Tracking down the paper I quickly discovered
1) Five doctor’s strikes had been studied
2) None were in New York
3) Only two out of five showed a decrease in mortality
4) The authors suggested that this drop in mortality was most likely due to no elective surgeries taking place during the strike (i.e. so no relation to the prescription of drugs)
Then in another debate about same sex marriage I had someone tell me of a study they “remembered” that showed that same sex marriages only lasted one and a half years on average, with eight partners during that time (not sure if that is supposed to be each, or a combined score).
I did a bit of reading on line, as the person pushing this idea couldn’t remember the source, and discovered it is a major distortion of research into HIV transmission.

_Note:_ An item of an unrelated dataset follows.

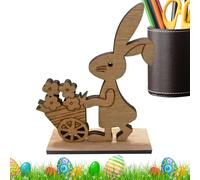 Decorazioni di Pasqua - Decorazioni per la casa in legno coniglio Pasqua - Parti centrali di coniglio di primavera per tavolo - per scaffale ufficio negozi soggiorno camera da armadi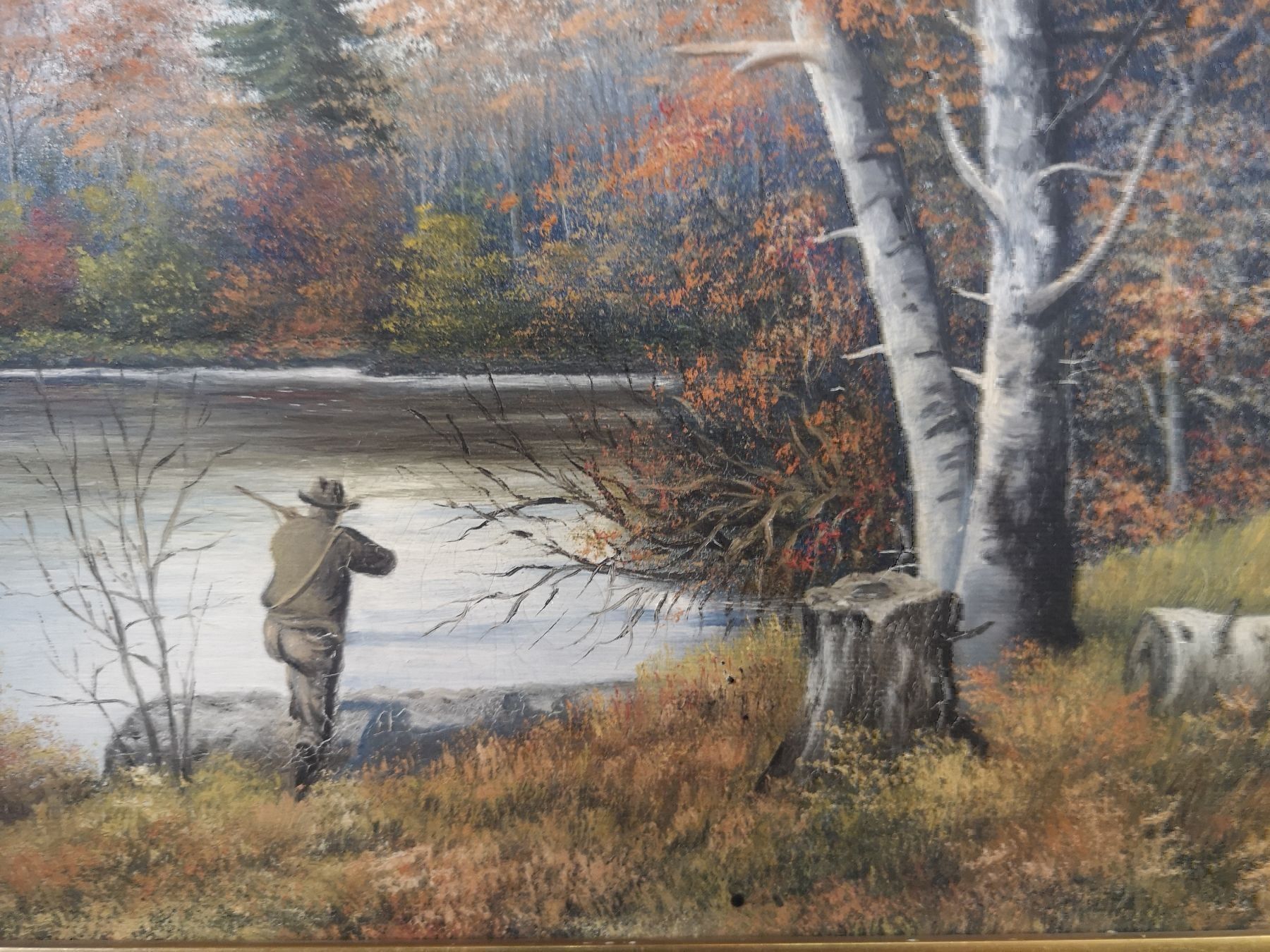Gemälde: SCÈNE DE CHASSE – Gebraucht aus Genève von Qanil77 2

A good summary can be found here, however key points include
1) The study was carried out before gay marriage was legal in the Netherlands
2) Monogamous gay men were excluded from the study
3) Did not involve lesbians
This is why I am so wary when people use the statement “But a study has shown …”

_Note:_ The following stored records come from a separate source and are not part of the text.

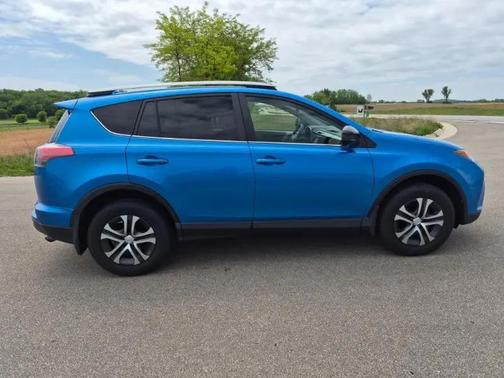 Blue 2017 Toyota RAV4 LE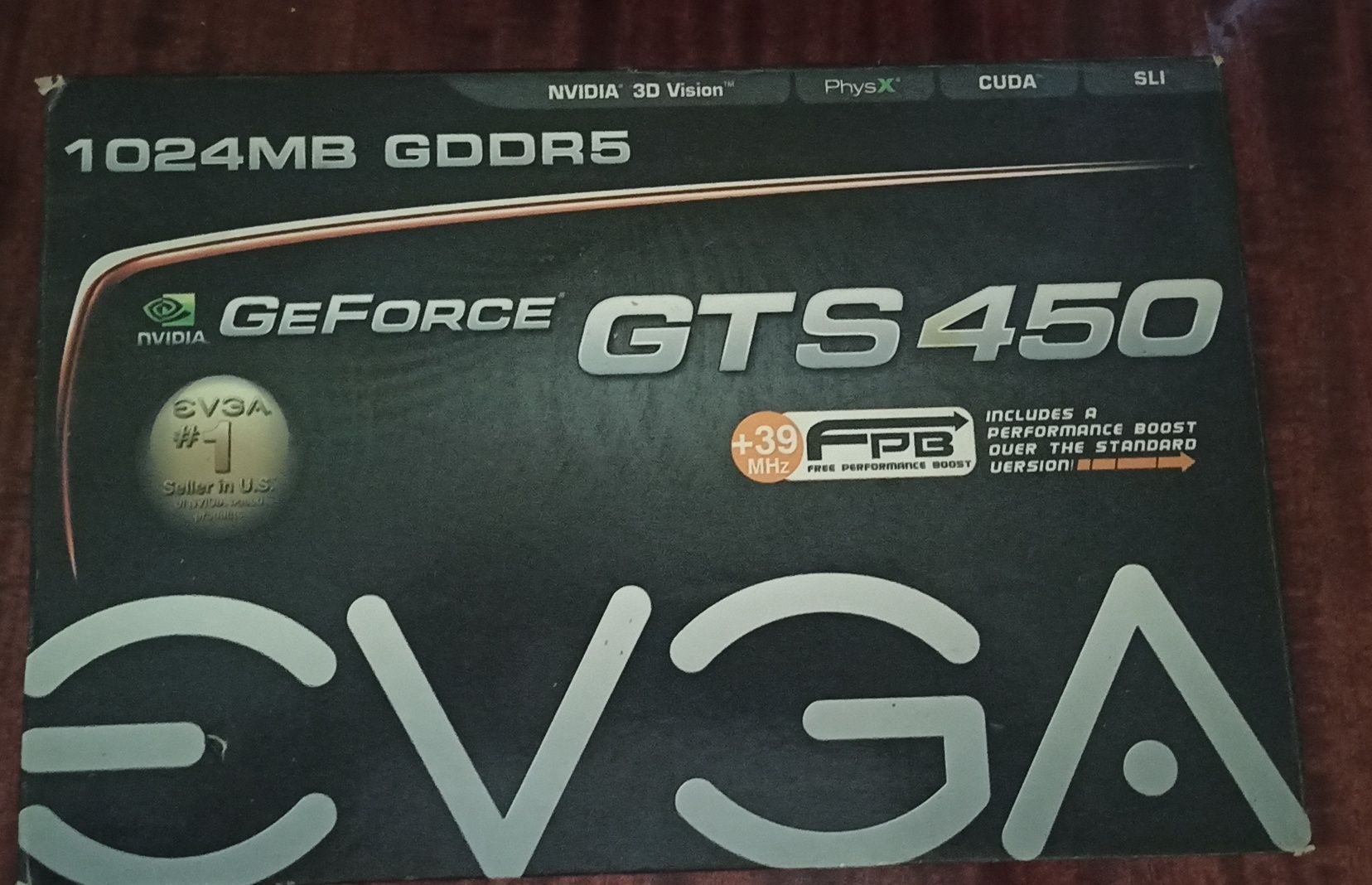 Видеокарта EVGA GTS 450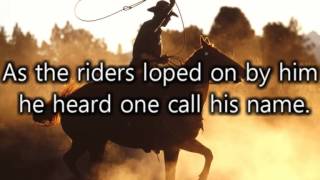 Johnny Cash  Ghost Riders in the sky Lyrics [upl. by Ire]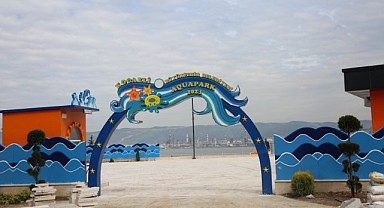 Çift kaydıraklı aquapark yaza yetişecek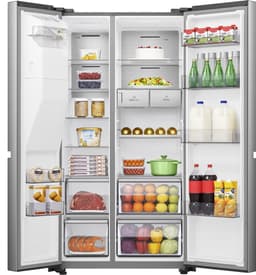 Hisense RS818N4TIC - Amerikaanse koelkast - Energielabel C - Water- & ijsdispenser - Metal Cooling - No Frost - RVS - Multi-Air Flow - Fast Freeze - 35dB (A) - Inverter Compressor - 632 Liter — thumbnail 3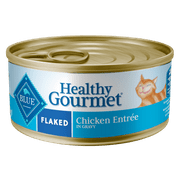 Angle View: Blue Buffalo - Healthy Gourmet Canned Cat Food Flaked Chicken Entree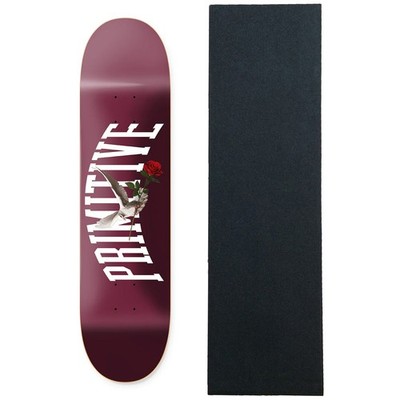 Primitive Skateboard Deck Messenger Maroon 7.75'' x 31.05'' with Grip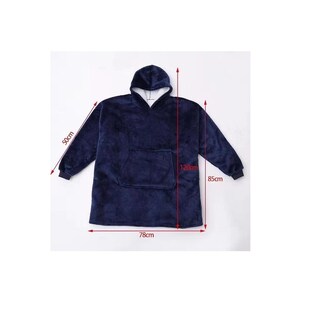 Foto 2 | Manta Polar De Felpa Con Capucha, Bata Fruncida, Mangas De Forro Polar De Invierno - Venta Internacional.
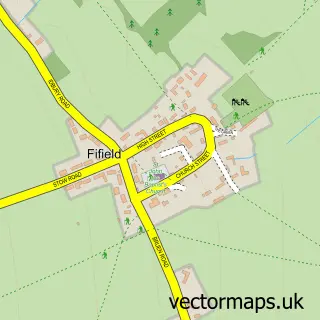 Street map sample of Fifield, Oxfordshire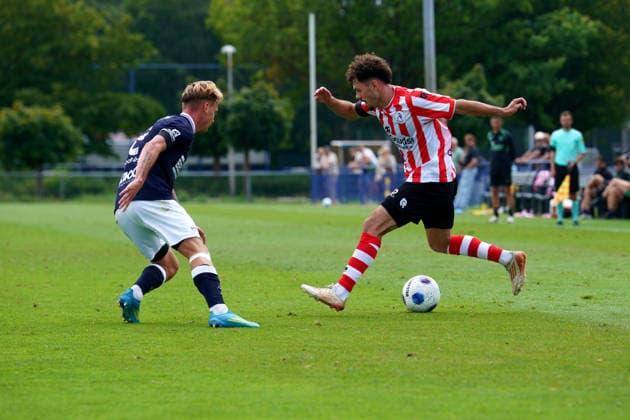 Friendly: Sparta Rotterdam v SV Meppen Delden - Mitchell van Bergen of Sparta Rotterdam during a friendly in preparation of the 2026 2027 season. The match is set between Sparta Rotterdam and SV Meppen at Aparthotel Delden on 18 July 2026 in Delden, The Netherlands. (Hero Images Carlo Bruil) Copyright: xCarloxBruilx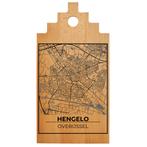 Borrelplank met Plattegrond 39x20 cm | Hengelo, Huis en Inrichting, Ophalen of Verzenden, Nieuw
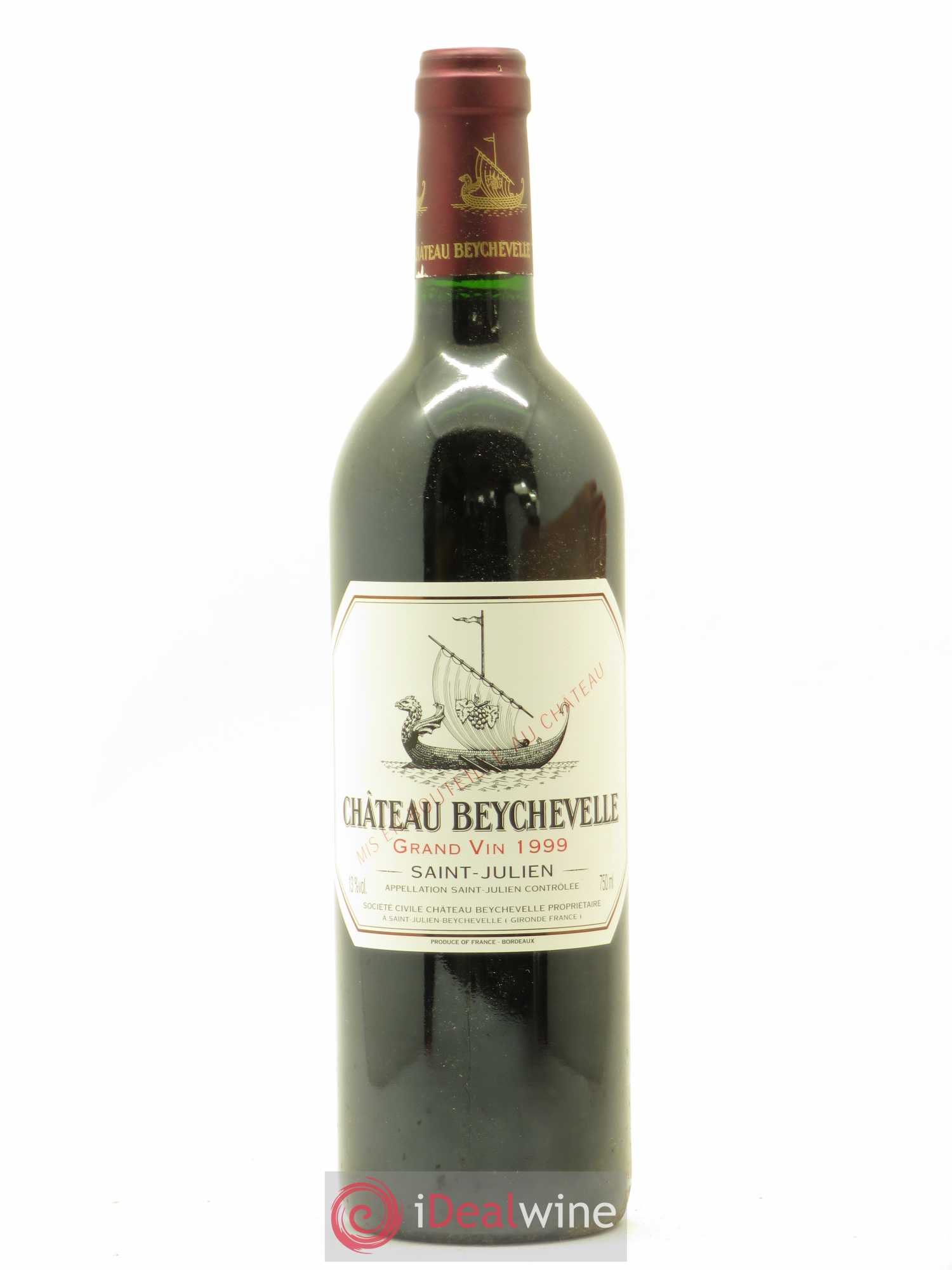 Château Beychevelle 4ème Grand Cru Classé 1999 - Lot de 1 bouteille - 0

If you do want to use a study to support whatever position you are arguing could I please suggest the following:
1) Make sure the study actually exists (and ideally you should be able to provide any interested person with a reference to it)
2) Read it and make sure it does support your position
3) Make sure it is from a reputable source (reputable scientific journals – yes, magazines – no)

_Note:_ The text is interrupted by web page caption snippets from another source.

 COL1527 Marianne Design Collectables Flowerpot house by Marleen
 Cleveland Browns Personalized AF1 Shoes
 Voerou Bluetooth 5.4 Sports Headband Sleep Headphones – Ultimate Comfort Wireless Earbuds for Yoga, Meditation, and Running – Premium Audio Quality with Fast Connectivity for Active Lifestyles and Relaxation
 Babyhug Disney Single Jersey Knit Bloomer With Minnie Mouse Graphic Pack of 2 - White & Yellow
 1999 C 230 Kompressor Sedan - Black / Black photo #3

4) Make sure you understand the difference between causation and correlation
5) Make sure that there aren’t ten other reputable studies refuting your position (if this is the case then some care has to be taken to work out why there is disagreement, and which source(s) are likely to be more reliable)
6) If you can’t fulfill steps 1 to 5 above then don’t use it with me in a debate, especially if, like so many people, you can’t even get past step 1!